═══ Information supplied

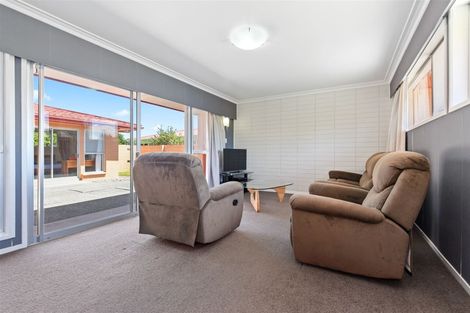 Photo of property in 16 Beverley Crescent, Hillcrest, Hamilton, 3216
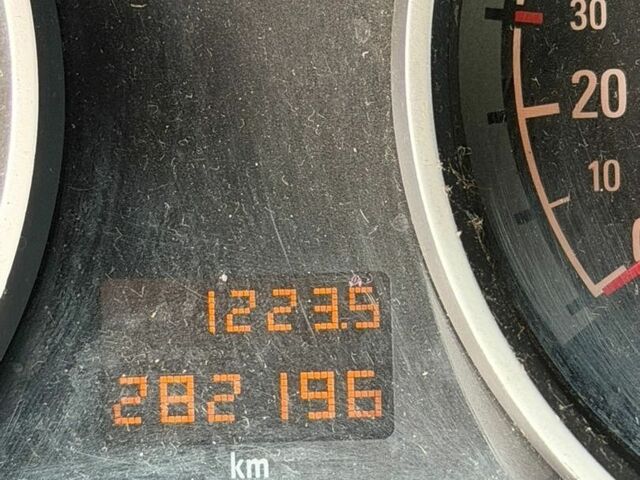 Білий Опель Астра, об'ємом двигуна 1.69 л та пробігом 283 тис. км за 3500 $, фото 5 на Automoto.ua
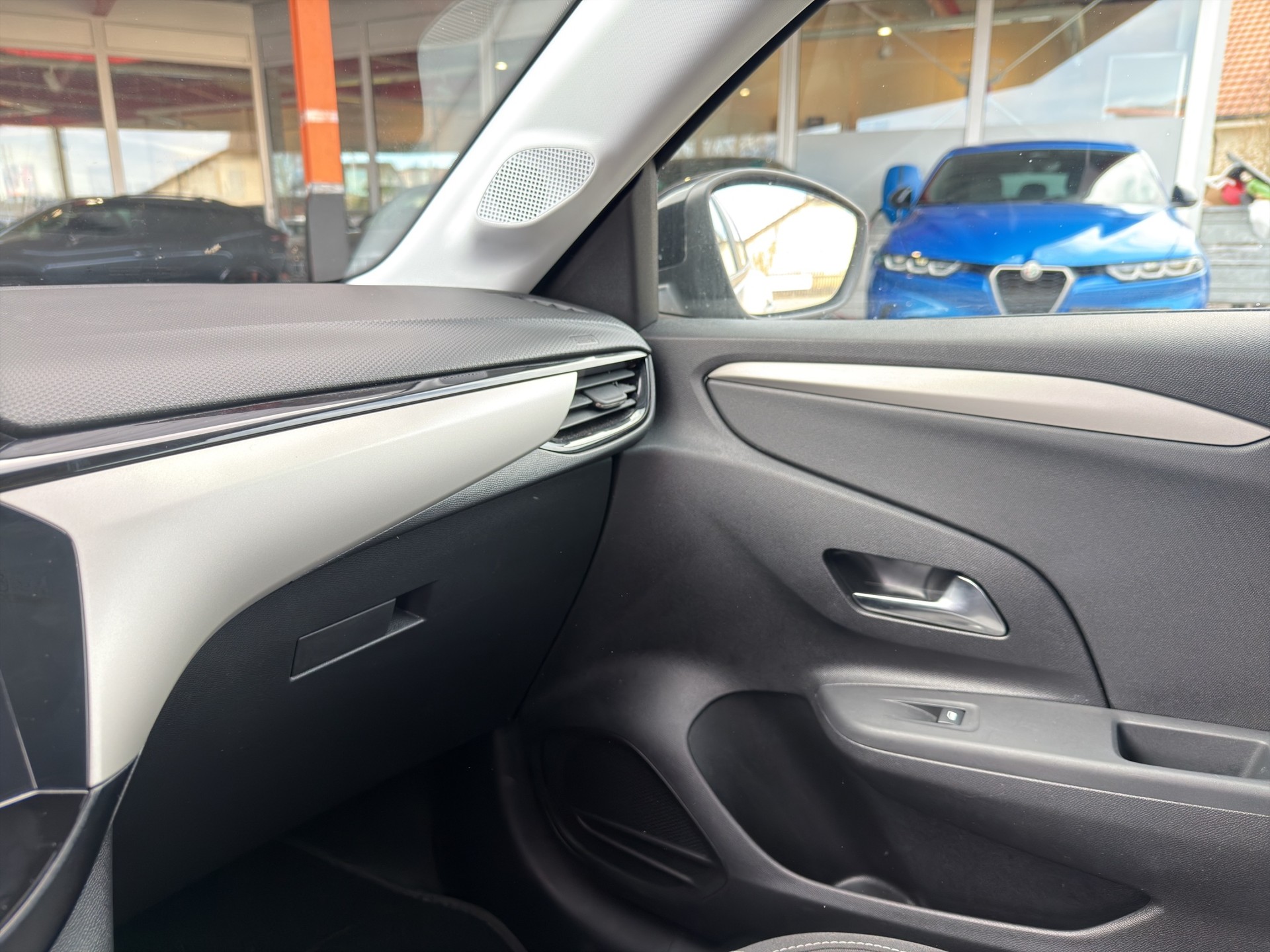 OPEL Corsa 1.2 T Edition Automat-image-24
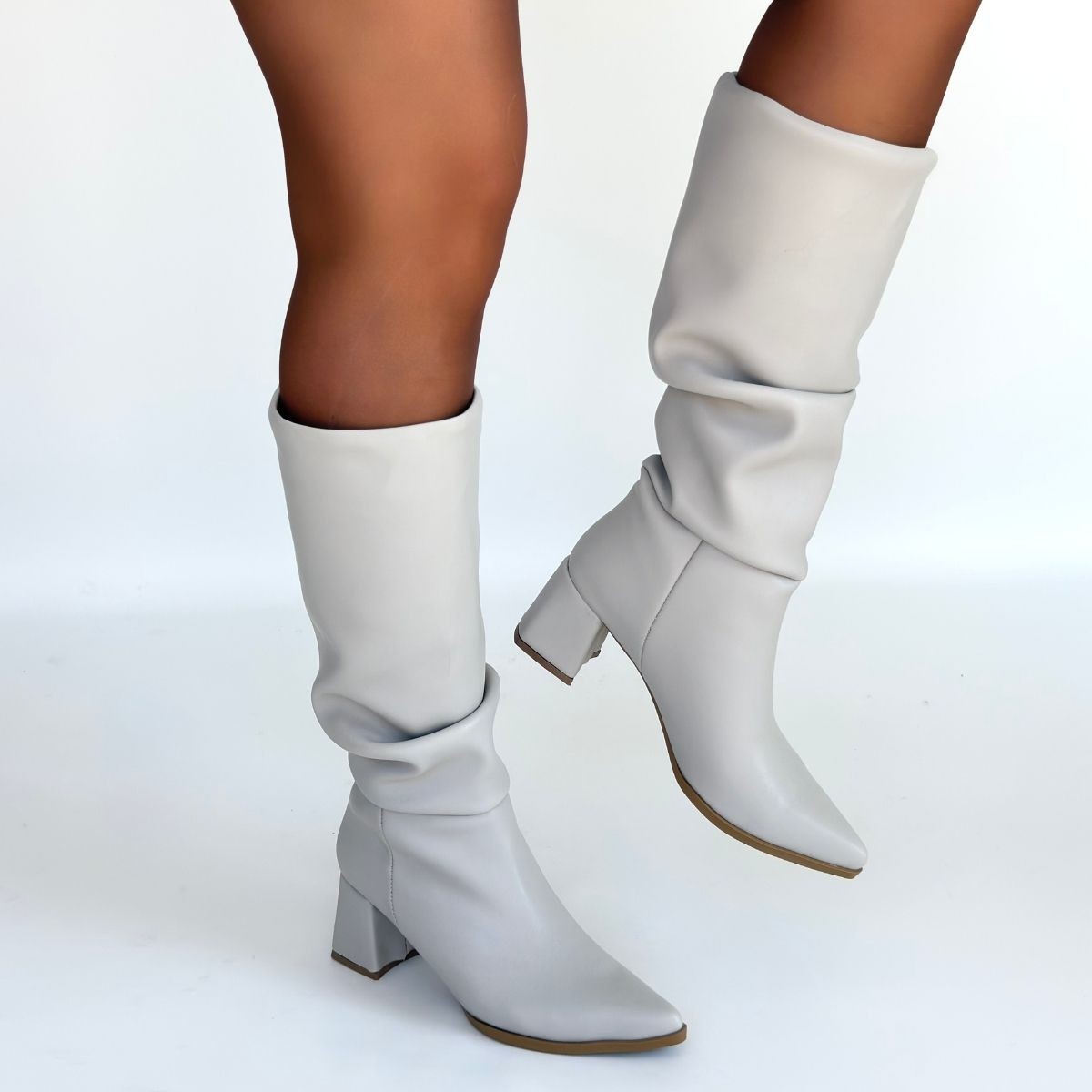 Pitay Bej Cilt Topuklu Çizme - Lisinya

══════
═══ Information supplied

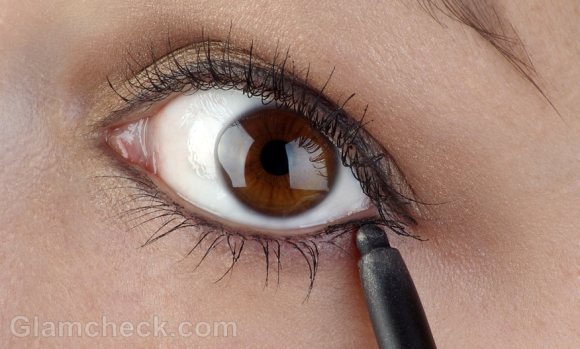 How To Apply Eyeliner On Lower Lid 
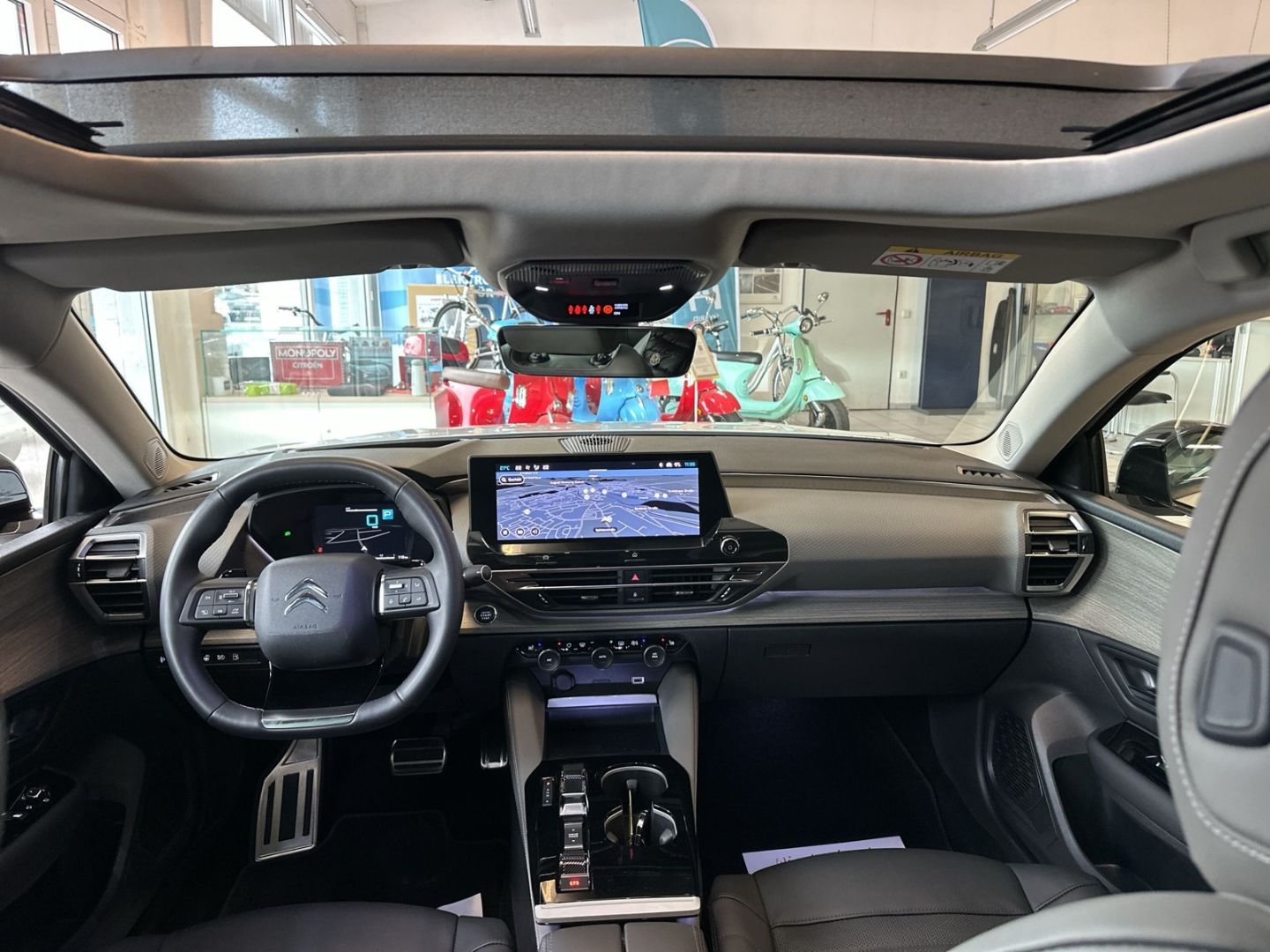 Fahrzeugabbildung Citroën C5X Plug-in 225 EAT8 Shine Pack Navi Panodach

══════

■ Task requirements: The copy should hold only the lines from the one with "Photo of property" through the one with "Pitay Bej Cilt Topuklu Çizme - Lisinya", exactly as they stand above. Leave out the pictures.

■ Your response:
 Photo of property in 16 Beverley Crescent, Hillcrest, Hamilton, 3216
 Білий Опель Астра, об'ємом двигуна 1.69 л та пробігом 283 тис. км за 3500 $, фото 5 на Automoto.ua
 OPEL Corsa 1.2 T Edition Automat-image-24
 Pitay Bej Cilt Topuklu Çizme - Lisinya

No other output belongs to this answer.